MOSCOW — Russian Defense Minister Sergei B. Ivanov warned Thursday that American development of new types of nuclear weapons, armed actions that bypass the U.N. Security Council and anti-Russian attitudes inside NATO could force his nation to adopt tougher defense measures.
With the North Atlantic Treaty Organization due to expand into seven former communist states next week, including three Baltic countries that were part of the Soviet Union, Ivanov stressed Moscow's desire to see the Western alliance leave behind its Cold War roots.
"Russia keeps a close watch on NATO's ongoing transformation and hopes for complete removal of direct and indirect anti-Russian elements from the military plans and political declarations of its member states," he said in an article published Thursday in Russia in Global Affairs magazine.
"However, if NATO remains a military alliance with an offensive military doctrine, Russia will have to adequately revise its military planning and principles regarding the development of its armed forces, including its nuclear forces."

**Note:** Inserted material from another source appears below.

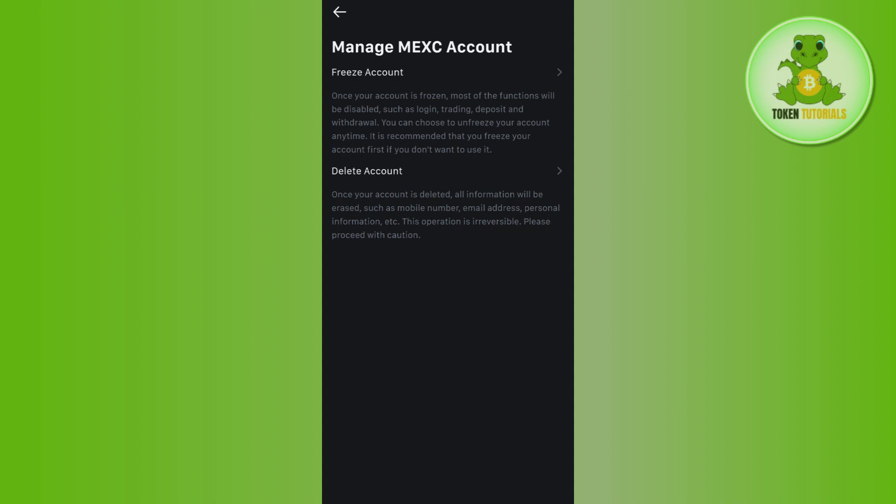Let's see what is the difference between these two. Once your account is frozen, most of the functions will be disabled such as login, trading, deposit, and withdrawal. You can choose to unfreeze your account anytime, so it is recommended that you freeze your account first if you don't want to use it.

In a comment targeting the Bush administration's talk of developing a new generation of low-yield battlefield nuclear arms, Ivanov declared that "it is necessary to take special account of the possible reemergence of nuclear weapons as a real military instrument. This is an extremely dangerous tendency that is undermining global and regional stability."

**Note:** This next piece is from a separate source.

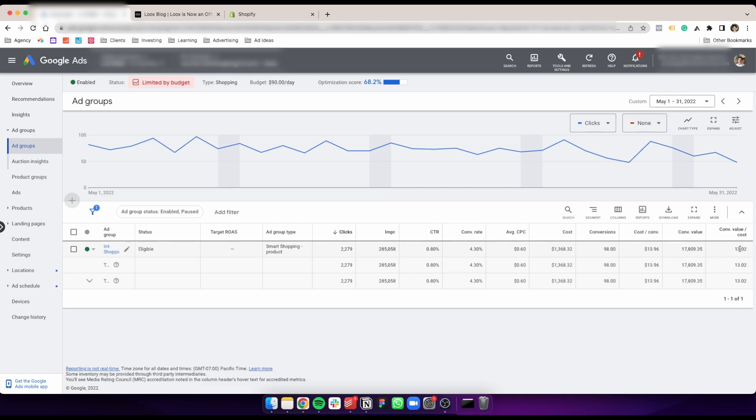The results are that much better, and this is not even a crazy spending account. Just to show you, this doesn't require a lot of budget. Even if you have a small store or smaller account, you can benefit a lot from those reviews. On the higher spending end, we're seeing crazy results as well.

Analysts said the article in the Russian-language magazine, whose content is monitored by foreign specialists, reflected thinking expressed in this nation's revised military doctrine for the 21st century that was drawn up last fall.

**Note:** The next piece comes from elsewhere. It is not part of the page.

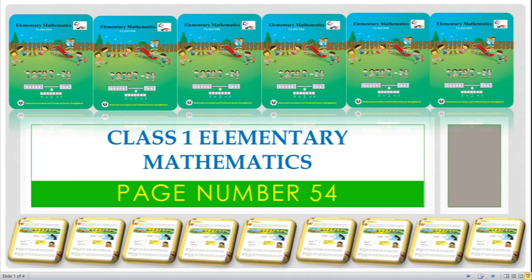My little brothers, today I will try to discuss about your elementary mathematics and I will try to solve all the questions and problems mentioned in your textbook on page number 54. Before solving the questions, I would like to show you the questions on page 54, so let's get started.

Although its publication now may have been timed to mark Moscow's unhappiness with NATO's pending expansion to 26 members from the current 19, the article was a wide-ranging review of defense issues and did not carry a generally hostile tone.
"When Ivanov talks about the reemergence of nuclear weapons as a real military instrument, he first and foremost means that our American partners have begun to particularize their nuclear doctrine toward lowering the threshold for the actual use of nuclear weapons," said Sergei Karaganov, chairman of the Council for Foreign and Defense Policy, an independent Moscow think tank.